Ortadoğu Afganistan'dan Türkiye'ye dek sorunlara sahne olurken Filistin'i kenara bırakmak kolay olabilir. Ancak bu ihtilafı çözmek Doğu-Batı ilişkilerinde yeni sayfa açar.
Dünya Ortadoğu'da barış umutlarına dair lafları dinlemekten usandı. Yeni bir büyük resesyondan nasıl kaçınılacağı, iklim değişikliğinin nasıl önleneceği ve nükleer silahsızlanmanın nasıl ilerletileceği gibi çok daha acil birçok görev yok mu? Hatta Ortadoğu'da çok daha önemli sorunlar yok mu?
Cihatçılar Afganistan ve Pakistan'da caka satıyor ve ABD'yle NATO onlarla başa çıkmanın formülünü bulabilmiş değil. İran hileli seçimin ve muhalefetin bastırılmasının ardından diken üstünde. Tahran'ın teokratları açtığı temas kapısını ABD Başkanı Barack Obama'nın suratına çarpıyor.

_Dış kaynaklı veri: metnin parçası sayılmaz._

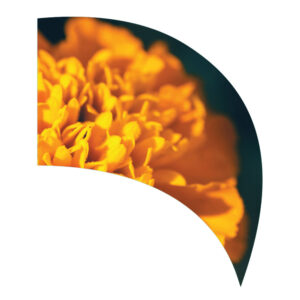 Dia de los Muertos - Teardrop Swing Flag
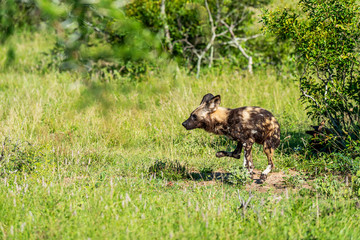 Wild dog running through grass in South Africa on safari in the Krugerpark 
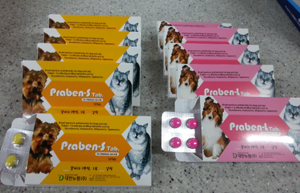 동물약국협회 구충제, 공구 시작 10일만에 완판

Bilhassa İsrail İran'ın nükleer tesislerini bombalama tehdidini hayata geçirirse savaş yönünde gerçek bir risk söz konusu. Yemen infilak ediyor. Güneydeki aşiretlerin ayrılmasıyla patlak verecek bir savaş İranlıları, Suudileri ve diğerlerini içine çekebilir ve Arap yarımadası bir mini-Kongo haline gelebilir.
Ve Türkiye var: Daha ziyade siyasi bir dramaya benziyor, fakat gerek bölge gerek Batı için çok önemli meselelere gebe bir drama. Fransa ve Almanya'nın Ankara'nın AB çabasını yüz geri etmesi ülkeyi Doğu'ya itiyor.
Paradoksal olan şu: Tayyip Erdoğan'ın yeni-İslamcı hükümeti doğudaki Türkiye'yi batıya taşımaya muktedir görünürken, Avrupalılaşmış Türkler Avrupa'dan uzaklaşıyor. AB aklını başına toplayıp Türkiye'nin Ortadoğu'da kaydettiği diplomatik başarıları bölünmüş kişilik göstergesi yerine stratejik hazine olarak görürse, kentli Türklerin yaklaşımları değişecektir.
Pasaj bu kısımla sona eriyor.